### SUPPLIED DATA
== Segment start ==
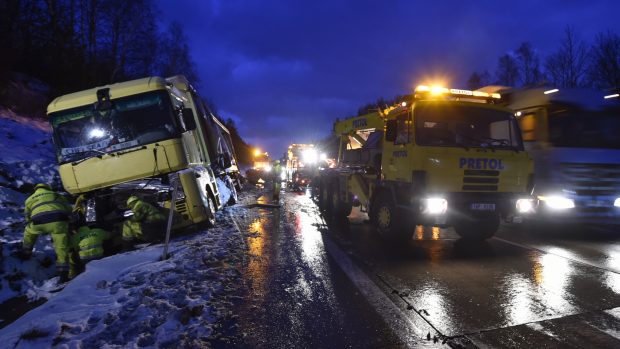 Záchranáři vyprošťují na dálnici D1 kamion, který zde uvázl už v úterý.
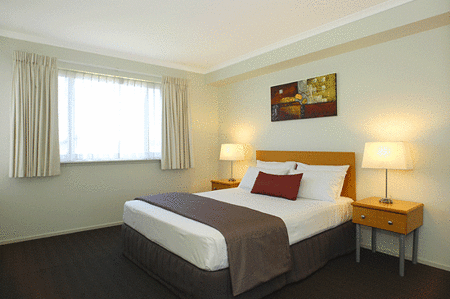 Beachside Holiday Apartments - Foster Accommodation 1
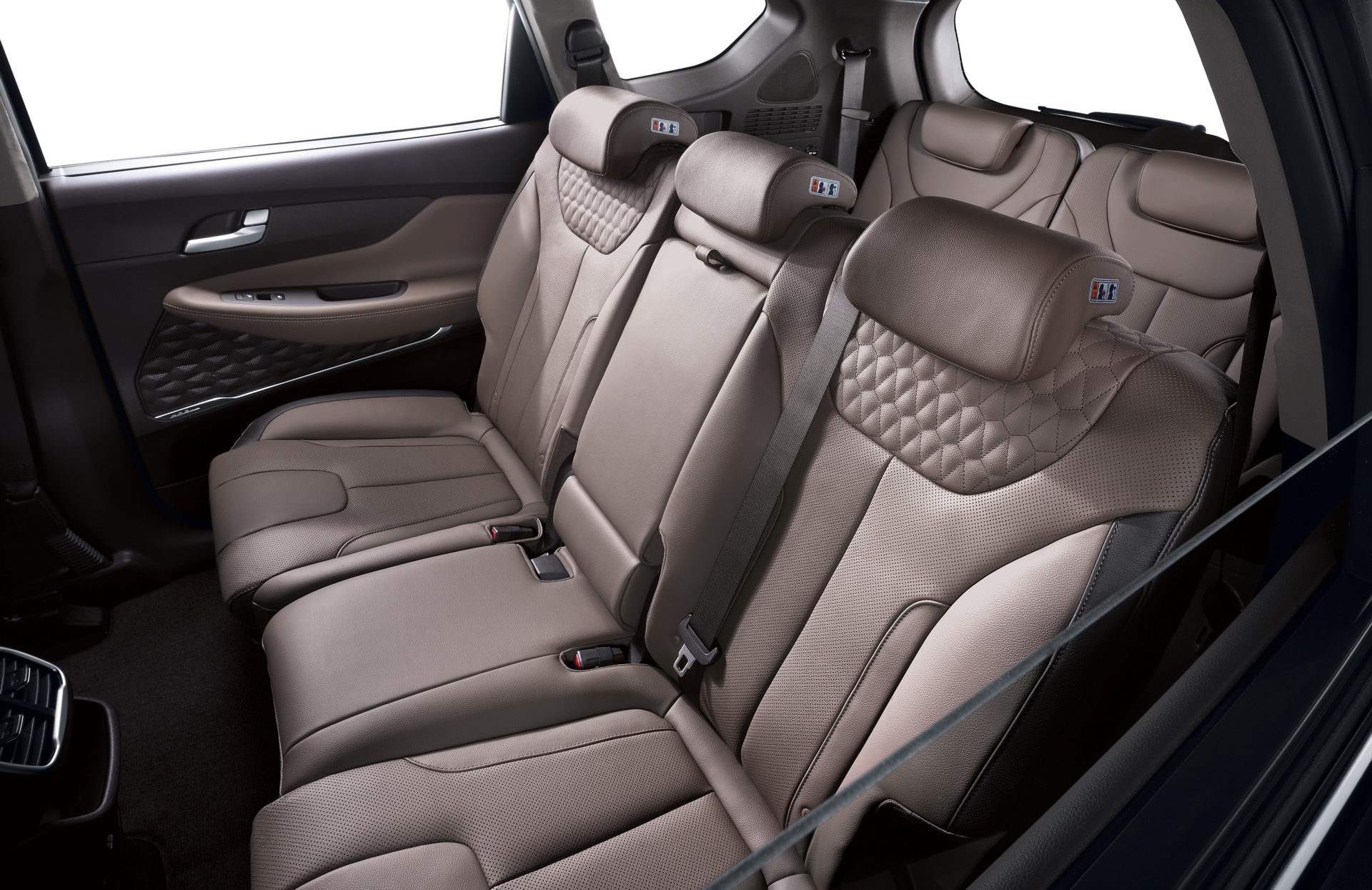 Hyundai-SantaFe-05 New Hyundai Santa Fe Arrives In The UK With A Single Diesel Option, From £33,425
== Segment end ==
### WORK TO COMPLETE
A verbatim copy is needed of the lines running from the line with "Beachside Holiday Apartments" to the end of the data above, both included. Keep the pictures out of it.

### SOLUTION
 Beachside Holiday Apartments - Foster Accommodation 1
 Hyundai-SantaFe-05 New Hyundai Santa Fe Arrives In The UK With A Single Diesel Option, From £33,425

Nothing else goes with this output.